** What is being asked **
Reproduce the whole listing below exactly.

** Dataset content **
---+---
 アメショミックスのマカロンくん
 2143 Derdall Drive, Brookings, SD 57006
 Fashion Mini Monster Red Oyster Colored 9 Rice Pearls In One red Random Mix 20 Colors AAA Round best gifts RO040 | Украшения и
---+---
** Written answer **
 アメショミックスのマカロンくん
 2143 Derdall Drive, Brookings, SD 57006
 Fashion Mini Monster Red Oyster Colored 9 Rice Pearls In One red Random Mix 20 Colors AAA Round best gifts RO040 | Украшения и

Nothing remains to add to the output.